Binning is the common name for the set of approaches we can use for feature possible values range reducing. For example, we can split the continuous feature range into several parts and treat it like the categorical one. On the other side, we can merge some classes of the categorical variable. But why?

First of all, the reasons depend on the type of feature we bin. For categorical ones, it's not good if we don't have enough observations in some classes. So our model won't be able to make confident predictions for this class (underfitting).

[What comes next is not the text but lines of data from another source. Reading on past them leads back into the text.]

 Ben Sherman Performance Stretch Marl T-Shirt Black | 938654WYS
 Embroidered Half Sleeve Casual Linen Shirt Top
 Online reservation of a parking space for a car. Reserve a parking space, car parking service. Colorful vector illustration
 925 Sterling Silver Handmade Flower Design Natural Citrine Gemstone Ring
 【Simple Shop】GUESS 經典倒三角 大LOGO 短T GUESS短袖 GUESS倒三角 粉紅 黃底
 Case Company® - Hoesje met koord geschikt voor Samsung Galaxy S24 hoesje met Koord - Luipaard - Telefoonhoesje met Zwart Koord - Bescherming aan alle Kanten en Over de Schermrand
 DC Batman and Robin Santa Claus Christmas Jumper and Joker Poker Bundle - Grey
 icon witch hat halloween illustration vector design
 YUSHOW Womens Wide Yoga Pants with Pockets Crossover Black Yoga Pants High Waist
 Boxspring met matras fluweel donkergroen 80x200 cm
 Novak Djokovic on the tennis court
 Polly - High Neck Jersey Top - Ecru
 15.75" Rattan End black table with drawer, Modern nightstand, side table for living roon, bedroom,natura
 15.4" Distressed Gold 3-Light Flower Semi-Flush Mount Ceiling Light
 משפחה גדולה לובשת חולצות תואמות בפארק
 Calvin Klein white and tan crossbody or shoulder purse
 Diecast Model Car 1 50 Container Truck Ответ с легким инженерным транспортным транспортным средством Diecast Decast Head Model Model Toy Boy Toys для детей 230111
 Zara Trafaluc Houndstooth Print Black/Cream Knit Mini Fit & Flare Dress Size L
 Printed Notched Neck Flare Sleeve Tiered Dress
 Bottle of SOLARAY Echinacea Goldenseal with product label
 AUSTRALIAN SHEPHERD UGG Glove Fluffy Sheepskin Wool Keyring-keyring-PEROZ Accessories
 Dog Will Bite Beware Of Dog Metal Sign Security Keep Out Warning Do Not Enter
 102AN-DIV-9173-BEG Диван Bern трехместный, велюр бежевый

Also binning is obviously effective mean against outliers in numerical features: every extremely huge or small characteristic value is hidden as another instance of the top or bottom bin.

It's especially important that binning allows us to find and process non-monotonicity in numerical variables and hence we can make linear models work better without resorting to unstable and uninterpretable polynomial features.

Another point of linear model improvement and the common advantage of the binning technique for both categorical and numerical features is missing values processing. Also, you can get a deeper understanding of your data and make feature selection using some special metrics for binning results evaluation.

The most popular application of binning is a bank scorecard building. So in the tutorial, we will talk about the task - binary classification (are customer good or bad?) and the model - logistic regression. But I'm sure that these concepts are applicable for linear regression tasks too.

So, how does it work?

## Short Algorithms Review

The bank scoring theoretician Lyn C. Thomas said that binning technique "is as much art as it is science". That's true and obviously, there are many algorithms of binning.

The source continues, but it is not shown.